I’m really struggling to see how this is any kind of progress towards synthetic life! How does selecting for the oil droplets’ natural, chemical-based movements going to lead to new behaviors and new chemical life forms? Natural selection only selects from what is pre-existing; it can’t create anything new, which is necessary for molecules-to-man evolution (and mutations can’t create these types of changes either).
As I read the article, I couldn’t help but think of a similar chemical system, called protocells. They are claimed to be a plausible first cell which is necessary for the evolution of biological life. These “primitive cells” are self-assembled vesicles that form when phospholipids are placed in water. Phospholipids are a type of fat that have hydrophobic (water-hating) tails and hydrophilic (water-loving) heads. When placed in water the hydrophobic tails cluster together on the inside of the vesicle (minimizing their contact with water) with the hydrophilic heads composing the outside of the vesicle (maximizing their contact with water). The assembly of these protocells is based on nothing more than chemistry, much like when you mix oil and vinegar or water to make salad dressing, and has nothing to do with the formation of a cell or the origin of life.

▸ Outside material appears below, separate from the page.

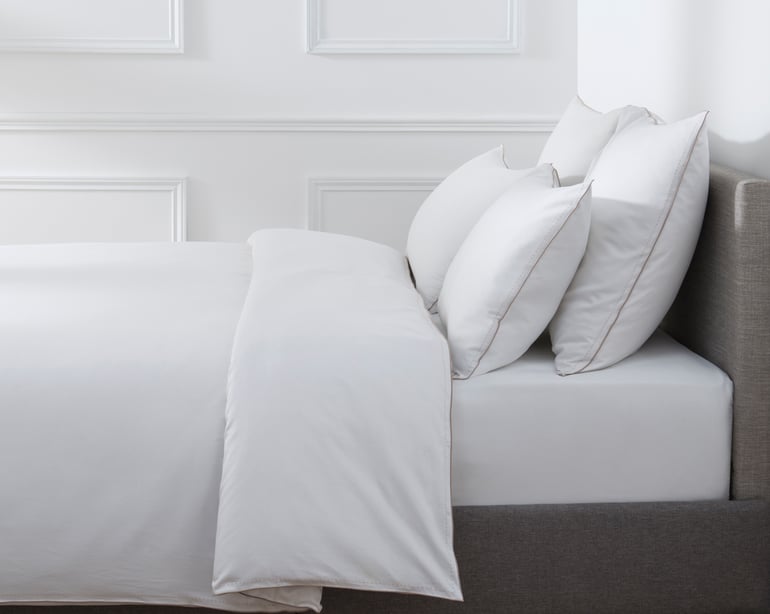 anne de solène HOUSSE DE COUETTE Pure White Satin Lavé · Blanc · Finition Sable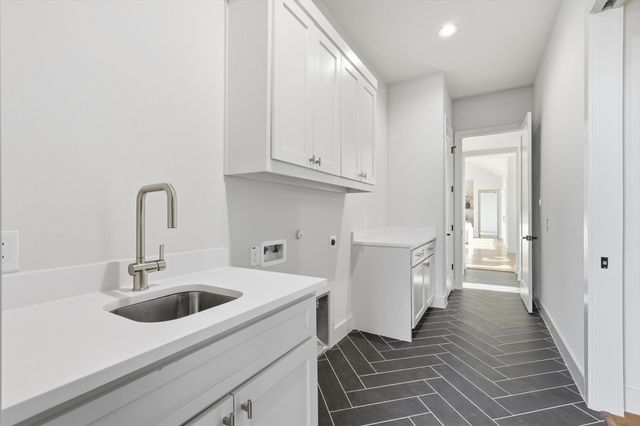 449 Whispering Way, Red Oak, TX 75154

I remember when I was a graduate student and working as a lab assistant at The Ohio State University teaching honors biology lab and we did an experiment to form protocells. The students had trouble getting protocells to form and were clearly unimpressed with the idea that this was supposedly how life began. If intelligent human beings can’t get these “primitive cells” to form, how could nature do it by random chance?
I had to laugh at Wikipedia’s statement in their entry for protocells: “Although a functional protocell has not yet been achieved in a laboratory setting, the goal to understand the process appears well within reach.” No, it is not “well within reach.” A living cell (synthetic or biological) requires information—information on how to grow, metabolize, reproduce, and respond to its environment. Information does not come about by random chance and certainly will not evolve from a bunch of fat globs in water, no matter how much selection or time occurs. For synthetic life, information must be added by an information giver (the scientists) and in very much the same way for biological life, information must be designed and created by the ultimate information giver, God.
Keep fighting the good fight of the faith!